There are plenty of trolleys and foot trucks offering creamy, sugary Churros you can dip in hot chocolate and carry on with your walk. While it is not reduced to strictly Spain, as we said, we still recommend giving it a chance. Maybe you will spot a difference between the ones you already tried and the ones that are authentic to Spanish cuisine! 


The traditional Spanish stew is available in any food court you can find. That includes both street food trolleys and Michelin restaurants. However, the dish originally comes from Valencia, so if your journey takes you there, keep that in mind and look for the best restaurant that serves Paella!

You can eat the spicy rice meal with chicken, seafood, or vegetables. Combine it with the best Spanish wine or ice-cold Sangria, and you have yourself a feast! 

Turron de Alicante

If you take up our advice about Paellas in Valencia, we suggest jumping on Valencia to Alicante train and trying out their traditional dessert – Turron de Alicante! 

The snack is a nougat confection, typically made of honey, sugar, and egg white, with toasted almonds or other nuts.
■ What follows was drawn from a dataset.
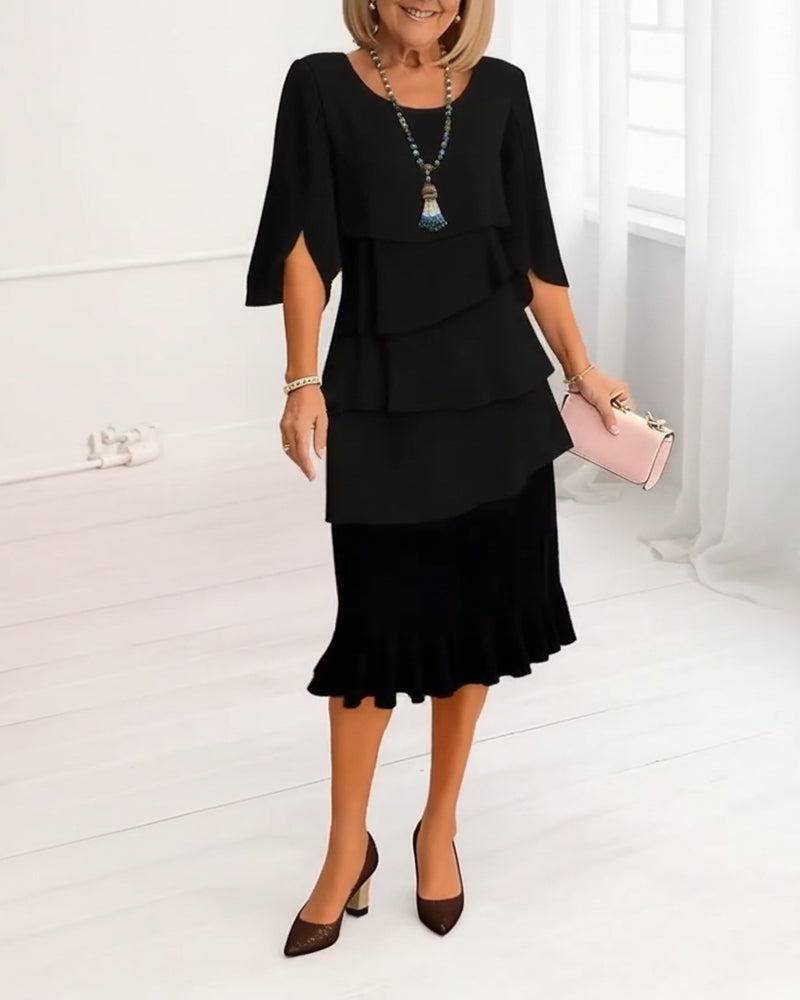 Sophie – Elegante vloeiende jurk met ruffles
They are usually formed into rectangular tablets or rounded into shapes resembling cake. Turron de Alicante is a delicious, sweet snack you can have after dinner or as a snack, and if you cannot try them out in their motherland, Alicante, you could probably find them in any other city, either on the streets or at top-quality restaurants. Though, these might be a bit fancier! 
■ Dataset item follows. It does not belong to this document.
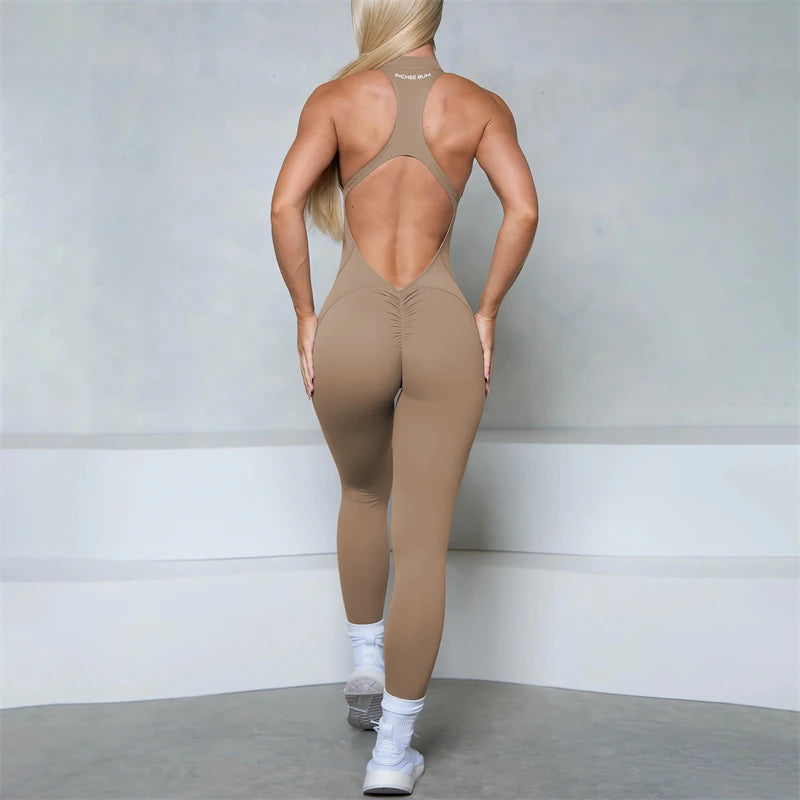 Women’s Sleeveless Zipper Scrunch Jumpsuit – Fitness, Yoga & Gym Wear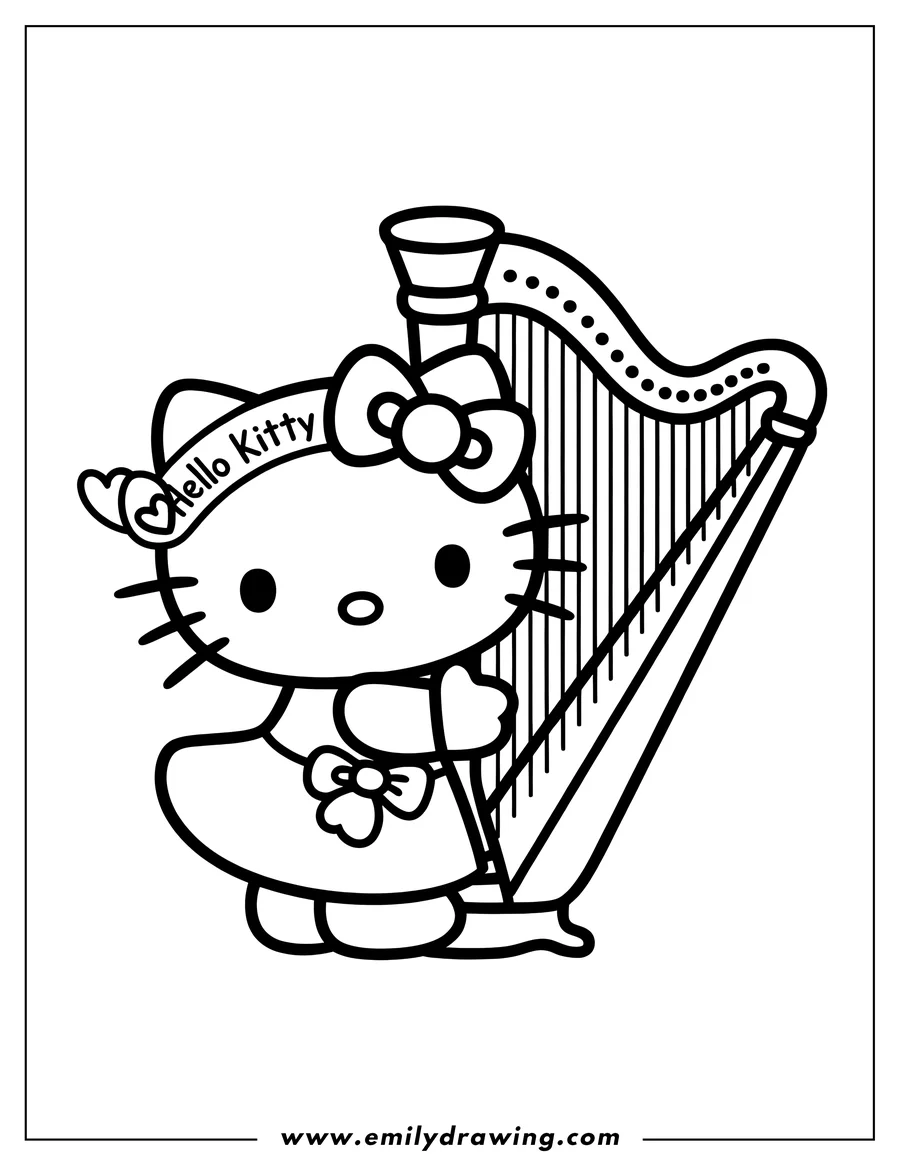 Outline of Hello Kitty standing next to a harp, wearing a dress and a bow. She appears ready to play.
The Spanish take on usual European kebabs, Pinchitos is one of the most favored snacks in the country!

Made of chicken or lamb, Pinchitos are a frequent item on the menu in any of the Spanish tapas bars, so you can find them pretty easily. They are served hot and spicy, so you might want to pair them with Stella Artois beer or any other cold drink. The meat is very well-done and marinated in olive oil with herbs and spices. Absolutely delicious!

While Pinchitos is a traditional Spanish street food, you would be surprised how much it is loved in Venezuela! 

Patatas Bravas

A small dish that is a part of any traditional tapas menu, Patatas Bravas are the so-called brave potatoes, and is favored by every Spaniard, as well as the tourists! But what makes the potatoes so brave? 
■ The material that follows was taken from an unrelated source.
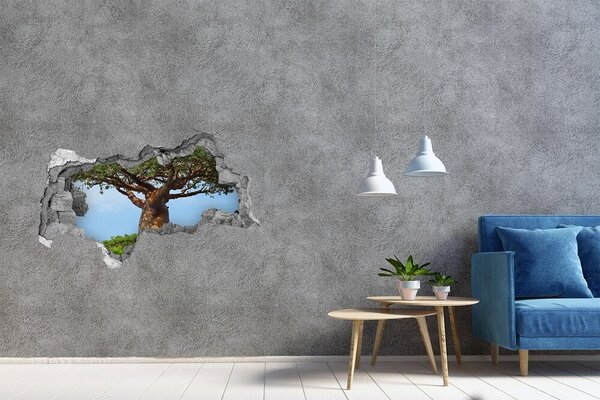 Autocolant gaură 3D Baobab într-o gaură în perete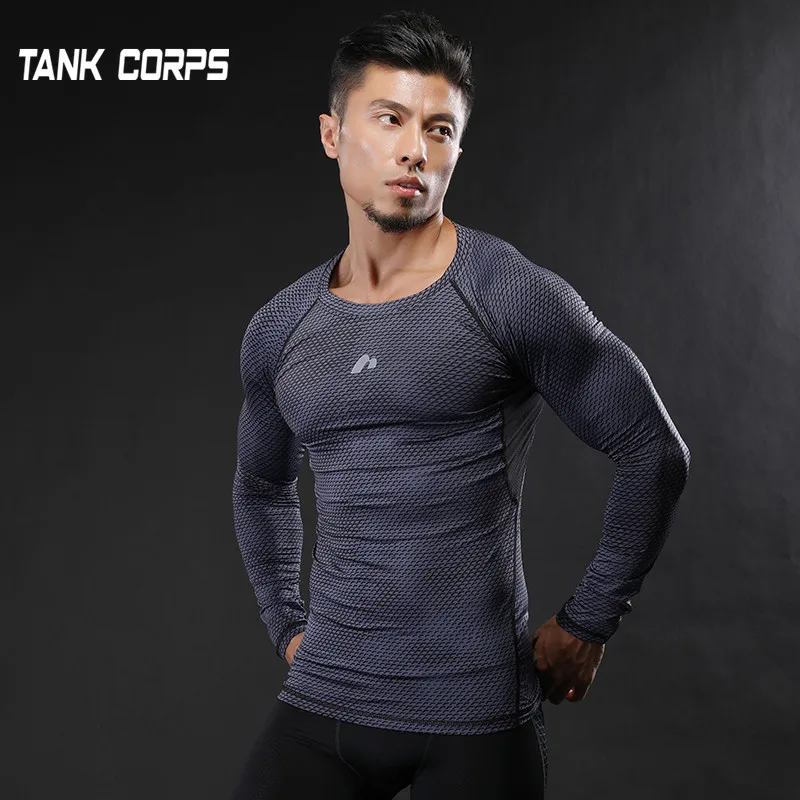 TANKCORPS Men Long Sleeves T Shirt Men Bodybuilding Skin Tight Thermal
Actually, they are given the name because of its spicy sauce, which is quite rare in Spain, as they tend to cook their dishes with mild flavors. 

The potatoes are cubed and fried, so they make for the perfect snack, all crunchy and well-prepared. Dip them in the brave sauce, and there you have a full appetizer before another delicious meal! 

For Patatas Bravas, you do not have to go to a Michelin-star restaurant or even seek out street food trolleys! There is a saying in Spain claiming that the dirtier the bar, the better the bravas! You might want to consider that. 


The tomato soup based in Andalusia is yet another dish that is imperative to try out! It might be hard finding it while roaming the streets, as it is more of a restaurant-type food. For Gazpacho, head to any local cafe.

Its base ingredients are tomatoes, peppers, garlic, bread, and lots of olive oil! Do not be discouraged, though. While the oil is a very frequent ingredient in Spanish cuisine, their food is not greasy, and the olive oil only adds a bit of tang, not the flavor. The fun zing about it is that Gazpacho is not a hot soup we are used to. It is served at room temperature, so be prepared for that first unexpected bite! 

Our main advice for your gastronomic journey is to simply keep an open mind. You will probably come across some unusual flavors and ingredients that may come off a bit weird, but be brave and try out everything you can – you will most likely love it. Have fun and adios!